» **Activity**
Search the records below for the word "Rose". Pull out each line that has it.

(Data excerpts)
————

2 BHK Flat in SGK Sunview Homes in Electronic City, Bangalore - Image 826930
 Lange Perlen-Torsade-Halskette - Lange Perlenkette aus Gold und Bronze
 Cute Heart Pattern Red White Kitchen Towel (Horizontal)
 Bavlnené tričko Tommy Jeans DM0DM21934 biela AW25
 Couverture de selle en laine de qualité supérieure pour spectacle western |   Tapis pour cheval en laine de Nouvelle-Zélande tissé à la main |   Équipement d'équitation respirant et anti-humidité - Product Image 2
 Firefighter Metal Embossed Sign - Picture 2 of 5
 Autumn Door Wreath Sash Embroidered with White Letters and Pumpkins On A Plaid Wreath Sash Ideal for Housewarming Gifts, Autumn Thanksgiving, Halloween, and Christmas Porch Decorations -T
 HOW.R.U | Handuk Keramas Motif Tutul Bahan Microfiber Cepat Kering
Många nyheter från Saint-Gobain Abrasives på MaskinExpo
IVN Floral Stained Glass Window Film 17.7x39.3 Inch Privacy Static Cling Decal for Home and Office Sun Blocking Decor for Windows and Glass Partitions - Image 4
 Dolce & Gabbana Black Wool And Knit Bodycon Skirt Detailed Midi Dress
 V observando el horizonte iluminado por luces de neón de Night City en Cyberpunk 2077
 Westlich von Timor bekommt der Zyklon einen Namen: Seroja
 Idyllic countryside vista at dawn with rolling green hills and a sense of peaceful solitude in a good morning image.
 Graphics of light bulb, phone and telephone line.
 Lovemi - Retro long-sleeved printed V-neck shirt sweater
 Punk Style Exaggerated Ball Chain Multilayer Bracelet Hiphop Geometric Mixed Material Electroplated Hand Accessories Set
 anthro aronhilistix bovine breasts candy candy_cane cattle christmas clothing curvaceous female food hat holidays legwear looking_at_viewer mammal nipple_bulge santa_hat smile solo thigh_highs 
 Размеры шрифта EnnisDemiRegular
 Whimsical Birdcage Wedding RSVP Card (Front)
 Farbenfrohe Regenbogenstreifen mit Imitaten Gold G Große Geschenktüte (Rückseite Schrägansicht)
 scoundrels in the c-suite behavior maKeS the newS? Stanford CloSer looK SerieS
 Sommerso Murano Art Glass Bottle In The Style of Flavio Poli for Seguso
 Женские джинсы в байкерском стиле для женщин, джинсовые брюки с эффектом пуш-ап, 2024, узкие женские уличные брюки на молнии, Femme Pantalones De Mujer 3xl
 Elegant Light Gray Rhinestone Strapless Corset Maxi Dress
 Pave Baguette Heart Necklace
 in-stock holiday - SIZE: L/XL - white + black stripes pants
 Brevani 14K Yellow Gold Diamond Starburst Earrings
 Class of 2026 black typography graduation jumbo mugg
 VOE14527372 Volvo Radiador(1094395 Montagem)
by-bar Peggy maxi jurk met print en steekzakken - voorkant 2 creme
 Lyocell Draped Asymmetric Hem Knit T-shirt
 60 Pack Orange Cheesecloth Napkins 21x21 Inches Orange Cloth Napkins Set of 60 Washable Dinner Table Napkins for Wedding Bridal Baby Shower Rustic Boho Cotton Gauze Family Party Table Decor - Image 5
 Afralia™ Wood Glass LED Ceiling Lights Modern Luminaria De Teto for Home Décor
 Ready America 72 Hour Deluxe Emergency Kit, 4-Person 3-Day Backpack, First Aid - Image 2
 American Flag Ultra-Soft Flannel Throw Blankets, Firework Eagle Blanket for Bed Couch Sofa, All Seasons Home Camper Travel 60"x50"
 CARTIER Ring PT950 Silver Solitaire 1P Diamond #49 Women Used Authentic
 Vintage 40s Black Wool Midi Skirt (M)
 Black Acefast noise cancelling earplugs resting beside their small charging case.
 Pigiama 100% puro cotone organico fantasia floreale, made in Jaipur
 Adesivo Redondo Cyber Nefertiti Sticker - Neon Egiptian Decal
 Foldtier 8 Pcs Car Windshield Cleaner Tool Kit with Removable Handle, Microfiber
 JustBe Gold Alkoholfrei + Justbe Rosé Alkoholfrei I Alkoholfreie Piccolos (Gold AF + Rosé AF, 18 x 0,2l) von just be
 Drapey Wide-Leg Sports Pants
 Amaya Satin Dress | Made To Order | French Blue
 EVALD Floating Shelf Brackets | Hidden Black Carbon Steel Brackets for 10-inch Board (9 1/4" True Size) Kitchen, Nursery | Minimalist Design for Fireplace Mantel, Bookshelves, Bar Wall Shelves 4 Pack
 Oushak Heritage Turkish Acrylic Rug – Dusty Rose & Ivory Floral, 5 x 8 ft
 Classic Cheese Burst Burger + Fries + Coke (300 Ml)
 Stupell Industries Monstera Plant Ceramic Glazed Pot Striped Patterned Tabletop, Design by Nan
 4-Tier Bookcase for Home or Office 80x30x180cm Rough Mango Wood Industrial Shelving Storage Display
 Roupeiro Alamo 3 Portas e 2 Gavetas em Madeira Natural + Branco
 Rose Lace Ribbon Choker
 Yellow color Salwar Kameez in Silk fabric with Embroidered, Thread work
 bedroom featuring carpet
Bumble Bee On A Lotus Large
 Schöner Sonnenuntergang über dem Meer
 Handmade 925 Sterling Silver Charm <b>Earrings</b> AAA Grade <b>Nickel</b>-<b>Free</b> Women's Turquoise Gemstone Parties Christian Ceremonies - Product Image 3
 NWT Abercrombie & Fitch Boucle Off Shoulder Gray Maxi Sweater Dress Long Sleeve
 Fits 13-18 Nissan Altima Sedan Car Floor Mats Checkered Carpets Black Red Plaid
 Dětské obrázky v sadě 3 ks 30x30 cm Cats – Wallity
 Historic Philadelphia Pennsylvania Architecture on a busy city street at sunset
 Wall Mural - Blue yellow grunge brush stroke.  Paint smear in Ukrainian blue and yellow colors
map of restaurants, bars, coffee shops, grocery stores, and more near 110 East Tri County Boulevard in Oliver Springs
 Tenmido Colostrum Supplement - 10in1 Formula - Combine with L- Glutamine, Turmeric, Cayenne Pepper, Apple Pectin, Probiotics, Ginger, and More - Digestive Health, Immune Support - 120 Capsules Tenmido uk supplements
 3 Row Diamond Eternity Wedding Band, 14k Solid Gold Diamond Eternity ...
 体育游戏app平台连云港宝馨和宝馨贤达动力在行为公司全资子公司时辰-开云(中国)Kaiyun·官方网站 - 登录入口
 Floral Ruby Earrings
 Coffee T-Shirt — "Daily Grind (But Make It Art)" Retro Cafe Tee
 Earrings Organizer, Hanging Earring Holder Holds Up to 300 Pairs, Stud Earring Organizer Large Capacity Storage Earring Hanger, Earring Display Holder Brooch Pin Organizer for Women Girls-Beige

————

» **Written answer**
 Oushak Heritage Turkish Acrylic Rug – Dusty Rose & Ivory Floral, 5 x 8 ft
 Rose Lace Ribbon Choker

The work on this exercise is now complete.